Recenzja Motoroli Moto G6 Plus – smartfona z potencjałem

Wiosną Motorola zaprezentowała trzy nowe urządzenia z rodziny Moto G6. Miałem już przyjemność recenzować dla Was „zwykłą” Moto G6, dlatego też naturalną koleją rzeczy jest poświęcenie uwagi lepiej wyposażonej wersji urządzenia, która szczyci się dopiskiem „Plus” w nazwie. Czy ten „Plus” oznacza coś więcej, aniżeli rozmiar wyświetlacza? Zobaczcie.

Subiektywny wstęp

Nie jest tajemnicą, że filozofia Motoroli bardzo do mnie przemawia. Miałem pewne obawy, gdy legendarną markę przejmowało Lenovo, jednak po kilku latach trzeba wreszcie uderzyć się w pierś i stwierdzić, że były one bezzasadne. Mało tego, Motorola stale i niezmiennie pokazuje, że nie boi się eksperymentować i nie zamierza podążać za wszystkimi. Firma chce wyznaczać własne trendy i trzeba docenić, że z roku na rok ta sztuka wychodzi jej coraz lepiej.

Moto G6 Plus to najdroższy, ale jednocześnie i najlepiej wyposażony smartfon z tegorocznej linii „G”. Śmiem podejrzewać, że Motorola zamierza budować sukces tej rodziny urządzeń na Moto G6 oraz właśnie na tej, nieco większej i lepiej wyposażonej wersji urządzenia. Chcąc zachować obiektywizm, muszę już teraz Wam zasygnalizować, że mój entuzjazm w jednym miejscu został wystawiony na ciężką próbę.

https://www.tabletowo.pl/2018/07/09/recenzja-test-motorola-moto-g6/

Zanim przejdziemy do właściwej recenzji, zasygnalizuję Wam tu tylko, że w chwili obecnej Motorola Moto G6 Plus kosztuje mniej więcej 1300 złotych w dystrybucji sklepowej. To wcale nie jest tak mało, jak mogłoby się wydawać. Zwłaszcza, gdy spojrzymy na rynek szerzej i dopuścimy do siebie myśl, że w tej cenie mamy do wyboru naprawdę wiele urządzeń. Zatem, dlaczego wybrać właśnie „Motkę”?

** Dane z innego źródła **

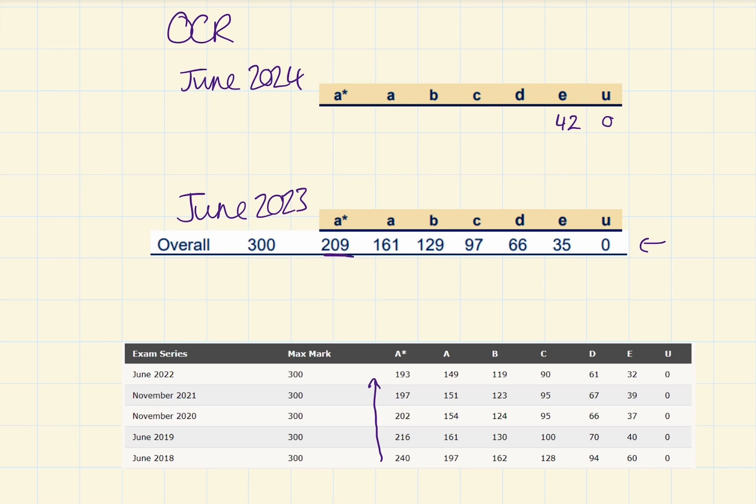Comment down below what you think they're going to be and whether I'm right or wrong. I'll do a reaction video on results day to see how close I was. Let's continue.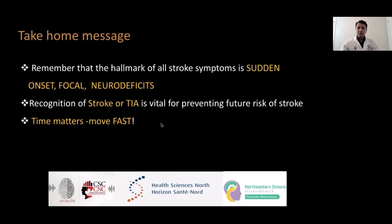My last slide — the take-home message. The hallmark of stroke symptoms is sudden onset focal neurological deficit. The recognition of stroke and TIA is vital for preventing future risk of stroke. Time matters, so move fast until proven otherwise. Thank you very much. We can proceed to the question and answer section.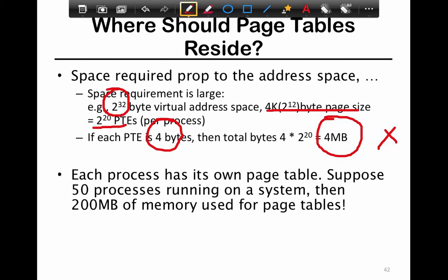Suppose you have 50 processes running — a very reasonable assumption; if you run 'top' on your Linux system you'll see at least 50, including system processes. That means you need 200 megabytes of memory just for page tables. With 500 processes you need 2 gigabytes. In a 32-bit address space the total physical memory is 4 gigabytes, and many small scripts can run in kilobyte space, yet each still needs 4 megabytes of page table. This is the problem of scale.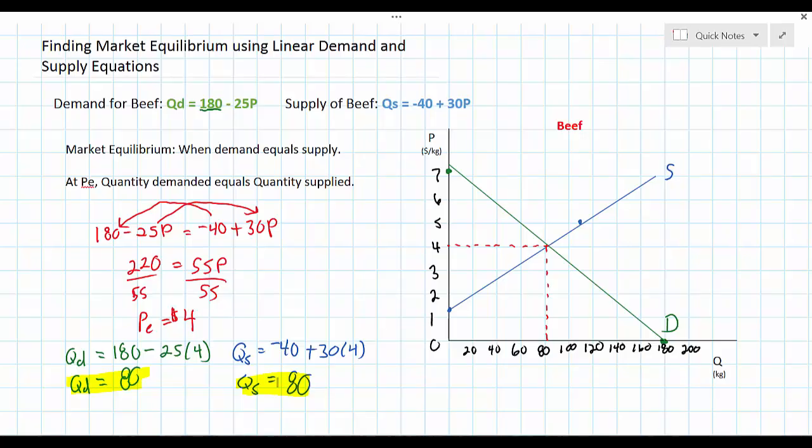In this video we have shown how to calculate equilibrium price and quantity by setting the demand and supply equations equal to one another and solving for P. Then, once you have the equilibrium price, you simply plug it into either the demand or the supply equation — or even better, into both — to determine the equilibrium quantity.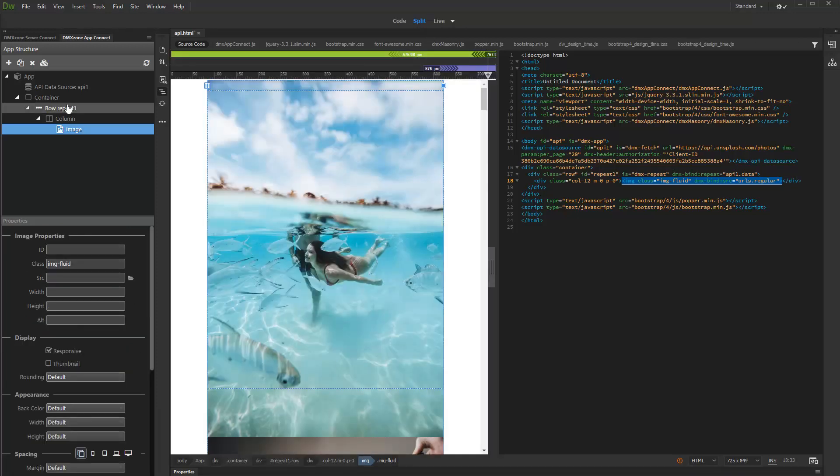You can see our images inside the repeat region. We can even make it look better if we convert the repeat region to a masonry grid.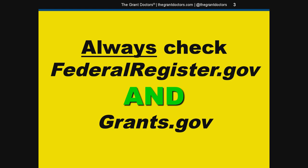Building on the previous point, make sure that you always check both sources online: the Federal Register at FederalRegister.gov and Grants.gov for new grant opportunities. Sometimes opportunities post on one site and not the other, and sometimes there's a delay posting to one of those sites.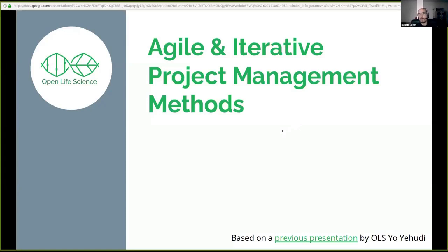Today, I bring you agile and interactive project management methods as a topic. First of all, I would like to say that I am not an expert on these topics, but I do use some of the principles and some of the ideas that this framework gives us.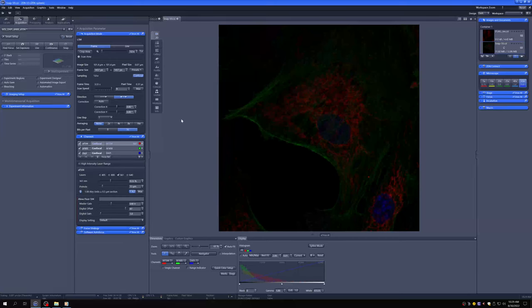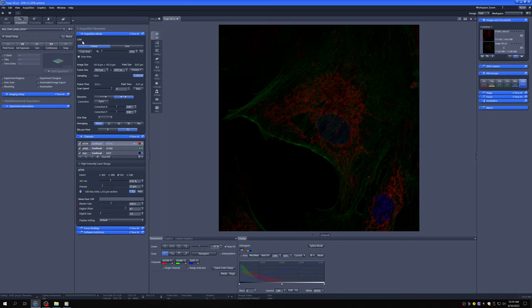To take a Z-stack, we have to have all of these settings set up so that we're happy with them and we like the image that we get.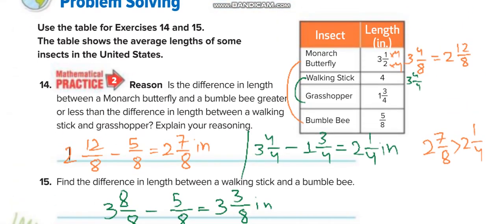Now use the table for Exercises 14 and 15. The table shows the average length of some insects in the United States. Exercise 14 asks: is the difference in length between a monarch butterfly and a bumblebee greater or less than the difference between a walking stick and a grasshopper? First subtract bumblebee from monarch butterfly — the answer is 2 and 7 over 8. Then subtract grasshopper from walking stick — the answer is 2 and 1 over 4. So 2 and 7/8 is greater than 2 and 1/4 inches.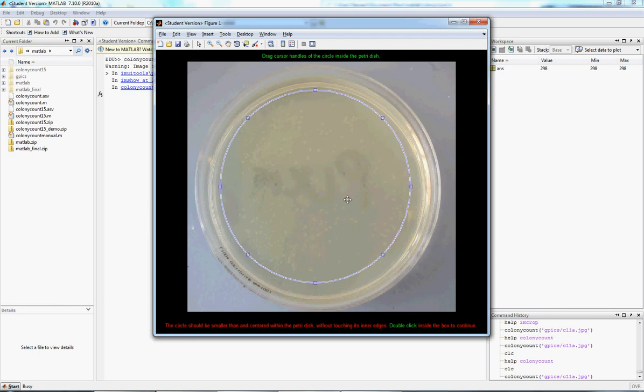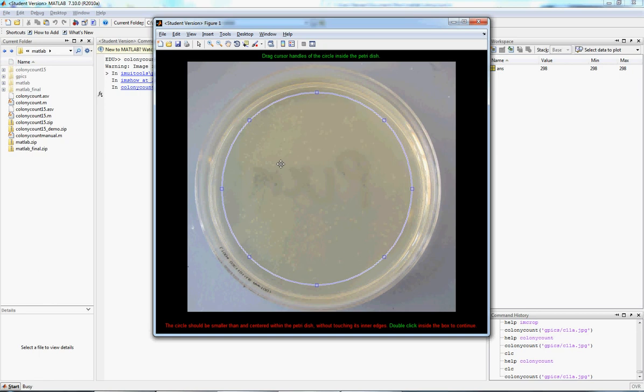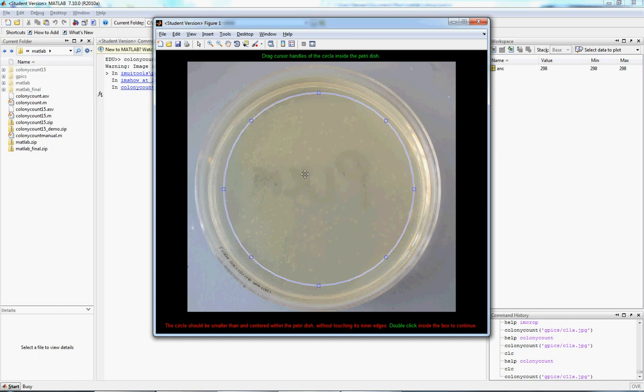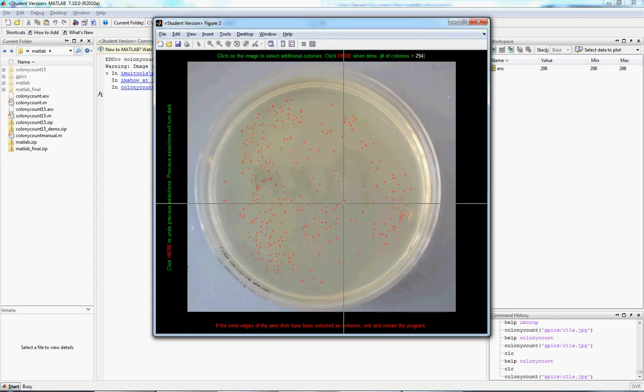You want to make the circle by dragging it. Again, we can move it around and resize it. You want to make sure that you don't overlap any of the edges over here, because that's going to then get counted as a colony. It's okay if there's a few things on the outside. We can add those later. And then, once we think we're just about good, go ahead and double-click inside.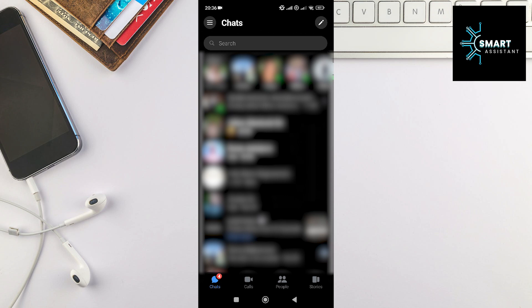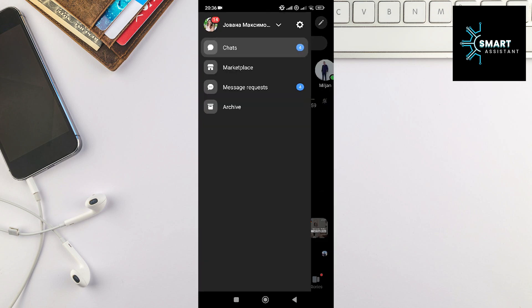After that, in the top-left corner of the screen, tap on the three horizontal lines, then tap on the gear icon.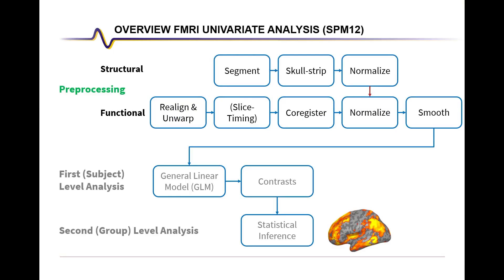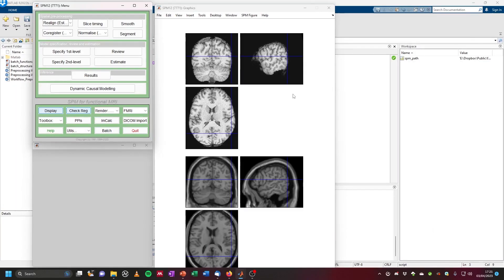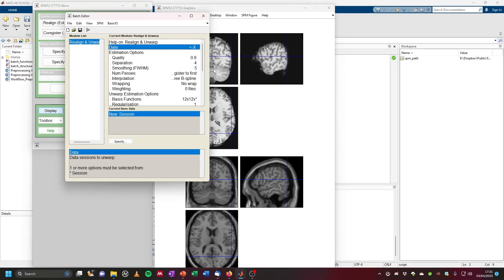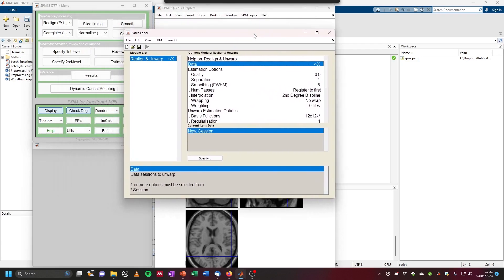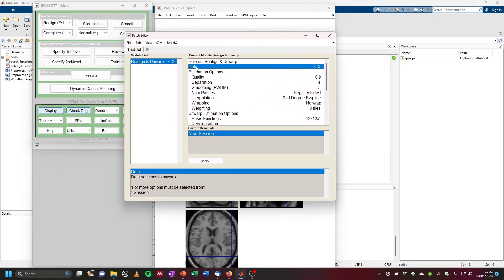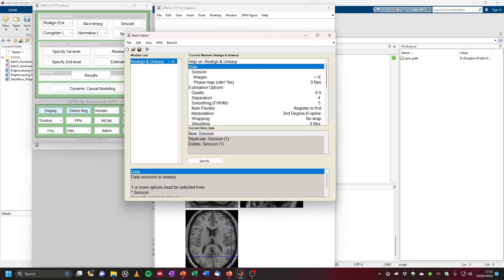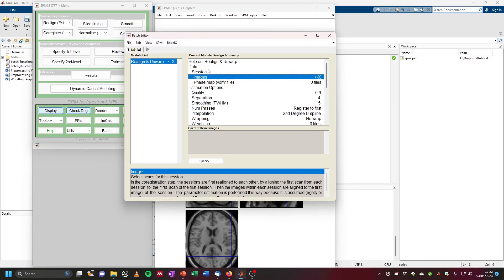Now we can start preprocessing these functional images. Looking at our overview again, we can see that functional preprocessing starts with realignment and unwarping. In SPM, we can click on the top-left 'Realign' and at the bottom select 'Realign and Unwarp'. Click on this, and then under 'Data' click 'New Session' — a session opens with input images.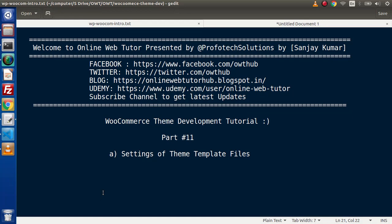Hello guys, welcome to Online Web Tutor. I am Sanjay. We are learning WooCommerce Theme Development tutorial. This is our part number 11.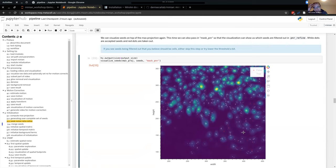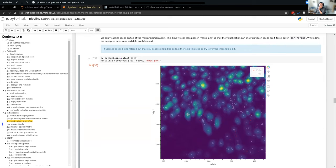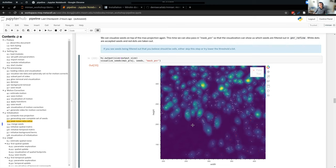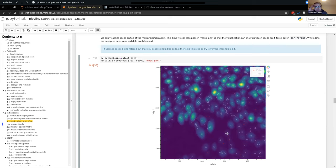What does the number of seeds on a cell tell us? If a cell has a lot of seeds, it probably means that cell is very active. These seeds are generated by taking local maxima on max projections of subsets of frames, so if you see a bunch of seeds on the same cell, it means that cell was active in all kinds of frame subsets. Every time it was active, a local maximum was computed and recognized as a seed. Since we're taking the union of all of them, that's completely expected.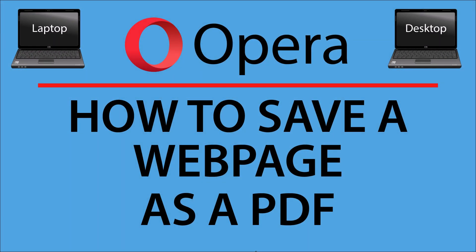This is a video tutorial on how to save a webpage as a PDF using the Opera web browser.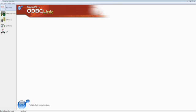Welcome, everyone, to our Mobilizing Your Enterprise Databases with TracerPlus ODBC-Link webinar. My name is Joe Crable with PTS, and I'll be running this webinar today.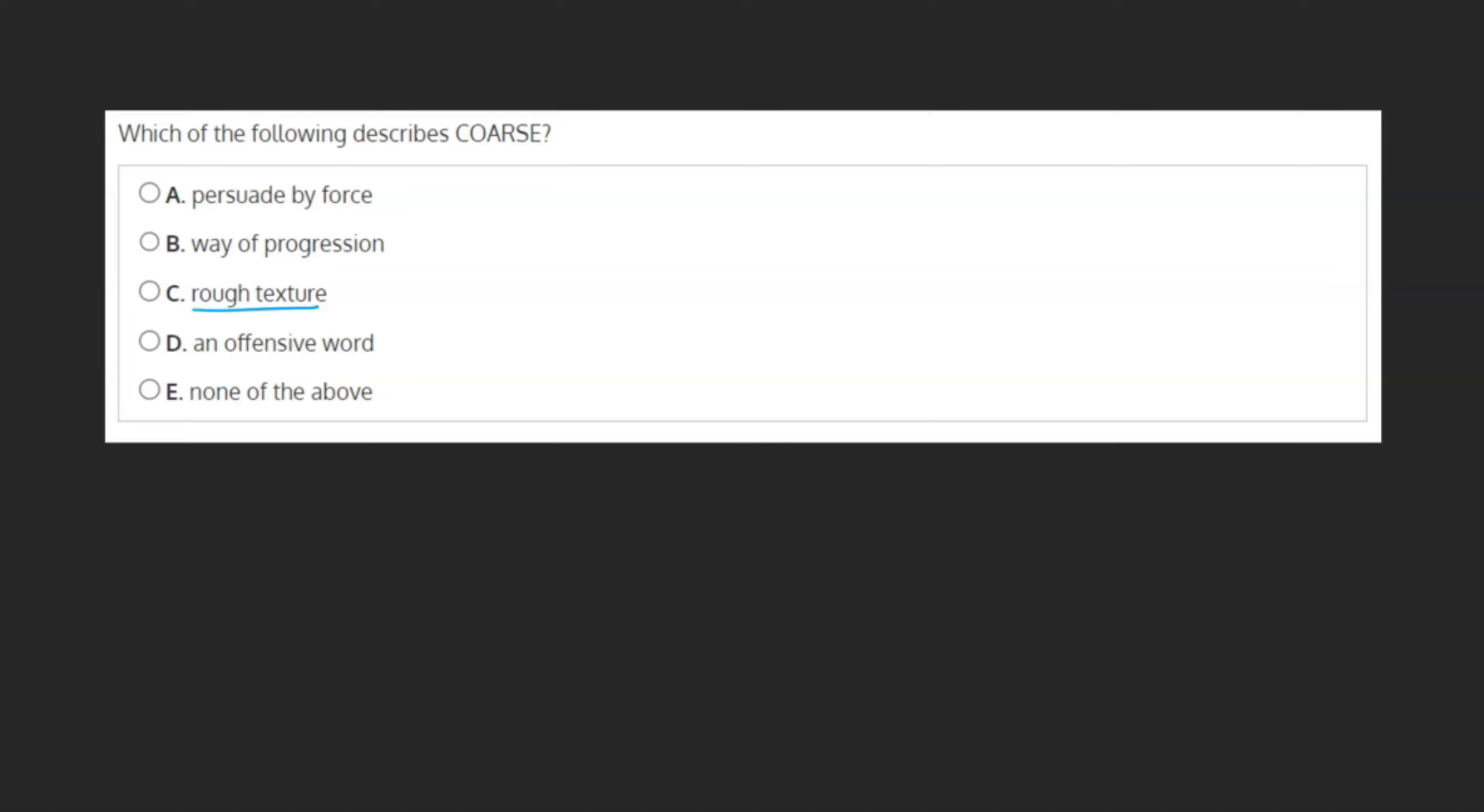Let's go through the choices for some examples. A. Persuade by force can also be described as coerce. B. Way of progression could also be course. And D. An offensive word is a curse.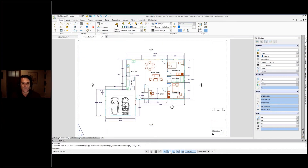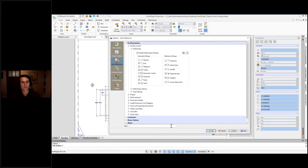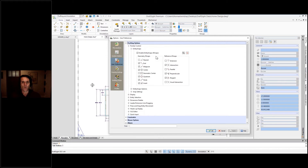There are some subtle differences. For example, instead of Object Snap or OSnap as it's called, I get Entity Snap, which is eSnap. And if I right-click and go into the Settings, I'm presented with one single Options dialog box for pretty much everything. Here in the Entity Snaps, not only do I get to pick which ones I want, they're even grouped into Geometry Snaps or Reference Snaps, which makes it much easier to keep track of.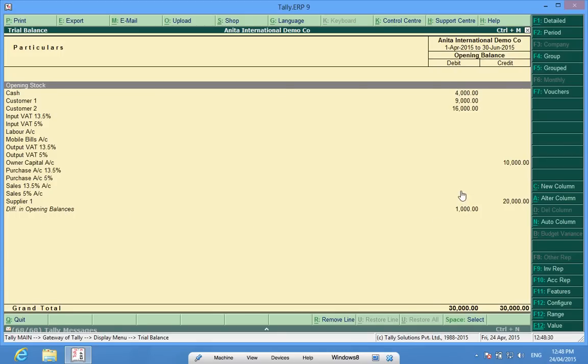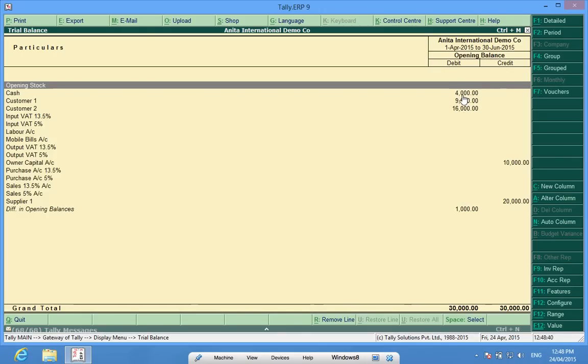After checking with the previous year's balance sheet, I found that I have entered the cash opening balance incorrectly.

Motorola Moto G6 Plus – specyfikacja techniczna

  • ekran: 5,9 cala, Full HD+, 424 ppi, proporcje 18:9 (2:1), Gorilla Glass 3,
  • ośmiordzeniowy procesor Qualcomm Snapdragon 630 z grafiką Adreno 508,
  • 4 GB RAM,
  • 64 GB pamięci wewnętrznej (~49 GB dostępne dla użytkownika),
  • slot na karty microSD (do 128 GB),
  • Dual SIM,
  • Wi-Fi 802.11 a/b/g/n,
  • 4G LTE,
  • Bluetooth 4.2,
  • NFC,
  • GPS z A-GPS, GLONASS,
  • podwójny aparat główny 12 Mpix (f/1.7) + 5 Mpix (f/2.2),
  • kamerka 8 Mpix (f/2.2),
  • czytnik linii papilarnych,
  • 3,5 mm jack audio,
  • port microUSB,
  • akcelerometr, żyroskop,
  • system operacyjny Android 8.0 Oreo,
  • akumulator o pojemności 3200 mAh,
  • wymiary: 160×75,5×8 mm,
  • waga: 167 gramów.

Wideorecenzja Motoroli Moto G6 Plus

Obudowa

Motorola Moto G6 Plus to wręcz kalka tego, co odnajdziemy w Moto G6. Dominuje dobrej jakości plastik, który w zgodzie z rynkowymi trendami, pięknie mieni się pod słońce, tworząc przy tym coś na wzór łuków. Wygląda to po prostu ślicznie, zwłaszcza w błękitnej wersji kolorystycznej, którą miałem przyjemność testować.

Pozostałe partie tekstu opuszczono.